I just grab one of my many tote bags (I have some nicer ones and several of the reusable ones from various grocery stores...all are about the same size and the tugs all fit nicely). I always bring the following for Nikon. Granted the TD usually uses my stuff to work the puppies, so other people don't have to bring all this.

* puppy fishing pole
* leather rag
* French linen tug
* small firehose tug
* Crunch-n-Tug
* ball-on-string
* 6' ASAT lead
* 3' leather lead
* harness
* leather gloves
* treats and bait bag

If Kenya is training, then I also have:
* prong collar
* leather slip collar
* Fursaver
* leather tabs

I also have to bring my camera stuff, a crate and crate cover, change of shoes or slippers for working indoors, and all the club's paperwork (waivers, applications, by-laws).


----------



## jesusica (Jan 13, 2006)

Permanently inside my vehicle for one dog: Dog crate and huge bin full of equipment.

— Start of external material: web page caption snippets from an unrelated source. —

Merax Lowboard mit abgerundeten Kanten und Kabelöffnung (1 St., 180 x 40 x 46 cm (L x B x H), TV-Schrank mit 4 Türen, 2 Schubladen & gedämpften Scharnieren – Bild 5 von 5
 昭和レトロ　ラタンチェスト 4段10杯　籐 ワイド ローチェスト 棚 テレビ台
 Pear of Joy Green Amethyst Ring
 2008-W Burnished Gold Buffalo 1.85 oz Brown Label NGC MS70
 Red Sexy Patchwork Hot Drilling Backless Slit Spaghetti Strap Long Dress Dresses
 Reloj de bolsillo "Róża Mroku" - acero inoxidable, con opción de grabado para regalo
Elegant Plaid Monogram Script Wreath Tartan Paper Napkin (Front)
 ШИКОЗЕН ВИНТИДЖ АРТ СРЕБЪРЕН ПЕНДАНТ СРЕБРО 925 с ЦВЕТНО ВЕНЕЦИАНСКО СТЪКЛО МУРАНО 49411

Tracking flags, tracking articles, tracking boots, tracking log (we just tracked, it's on my mind ), two long lines (nylon), two 6ft nylon lines, pinch collar and links, leather tabs, various lengths and widths of leather leads, training vest, rain gear (jacket and pants, my banana outfit), tugs of varying sizes, balls on rope, agitation harness, water bowl and jugs both empty and with water, crate fan, flashlight, dumbbells soon to be added. Food for tracking goes back and forth between the house.


----------



## Chris Wild (Dec 14, 2001)

Question for those who use bags... have you ever ended up with your gear getting mildewed? With half the stuff getting soaked with rain, snow, dew and dog spit on a regular basis, that's something I've always been concerned with and why all of our stuff has a spot to hang or open topped bins to sit in.


----------



## Liesje (Mar 4, 2007)

Ew, Chris your post reminded me of these guys in my dorm in college that left their rotten hockey bags in the hall *barfs*

I use my stuff daily for training/play at home so I don't keep it in a bag, hopefully I won't ever have a mildew problem!


----------



## Chris Wild (Dec 14, 2001)

We pretty much have 2 different sets of equipment. One at home, another in the van. That way whether at home or out training somewhere else, we always have whatever we need without having to plan ahead to make sure everything gets loaded into the van, then moved back to the house, etc... Since it's the house stash that gets used most of the time, it's the stuff that stays in the van that only gets used once or twice a week that I'd worry about getting mildew.


----------



## lhczth (Apr 5, 2000)

That is why I stopped using a bag. The mildew.


----------



## Northern GSDs (Oct 30, 2008)

> Quote: Question for those who use bags... have you ever ended up with your gear getting mildewed?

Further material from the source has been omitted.